**What to work on:** Each line from the one bearing "Xiaomi Redmi 8 64 GB Red" through the last line of the entries below should be returned exactly, with pictures left out.

**Listed records:**
==================================================
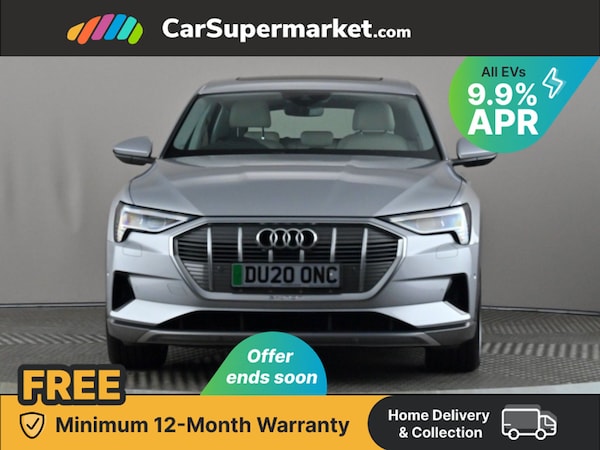 Used Audi e-tron 2020 for sale - 76341732: Photo 2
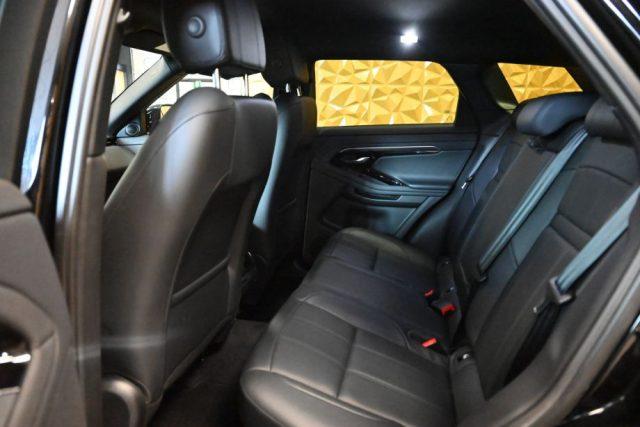 LAND ROVER Range Rover Evoque P200 R-DYNAMIC BLACKEDIT.200CV AWD MHEV RADAR FULL
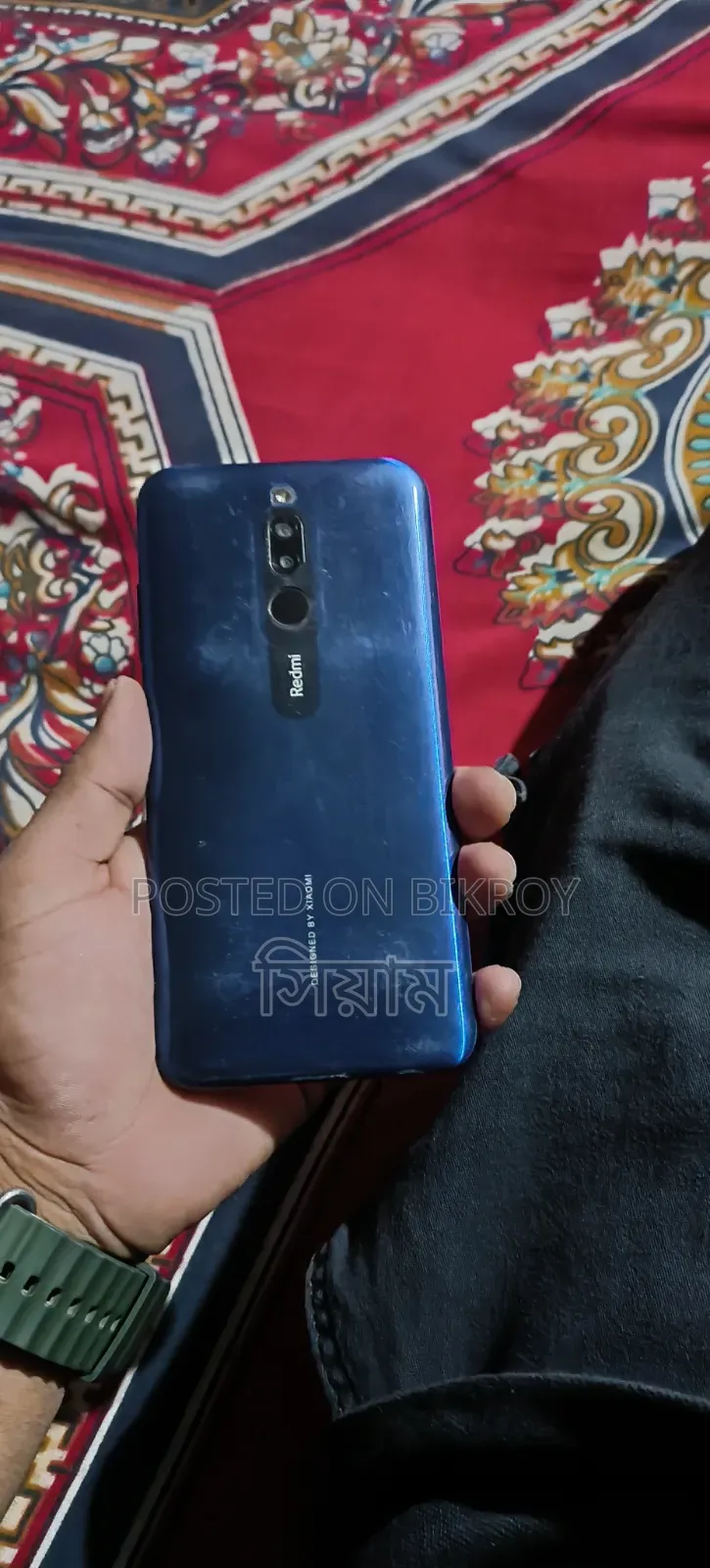 Xiaomi Redmi 8 64 GB Red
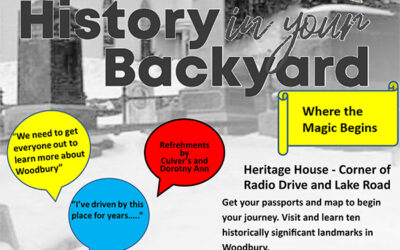 History in Your Backyard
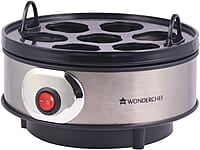 Wonder Chef 63152398 Egg Boiler, Plastic, 350 W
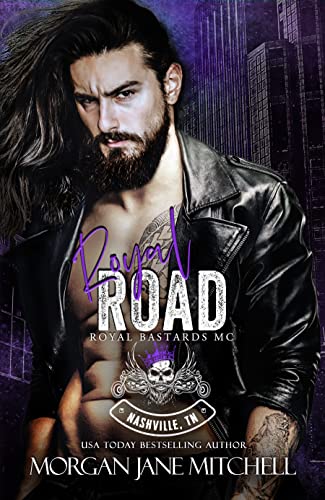 Royal Bastards MC: Nashville, TN book cover 3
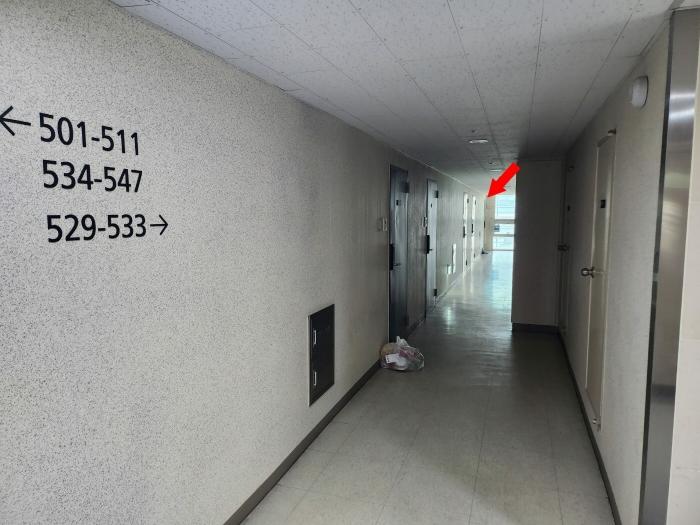 서울특별시 금천구 서부샛길 528, 제5층 제529호 (가산동, 가산미소지움)구) 서울특별시 금천구 가산동 550-17 오피스텔 경매 사진 5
==================================================
**Exercise result:**
 Xiaomi Redmi 8 64 GB Red
 History in Your Backyard
 Wonder Chef 63152398 Egg Boiler, Plastic, 350 W
 Royal Bastards MC: Nashville, TN book cover 3
 서울특별시 금천구 서부샛길 528, 제5층 제529호 (가산동, 가산미소지움)구) 서울특별시 금천구 가산동 550-17 오피스텔 경매 사진 5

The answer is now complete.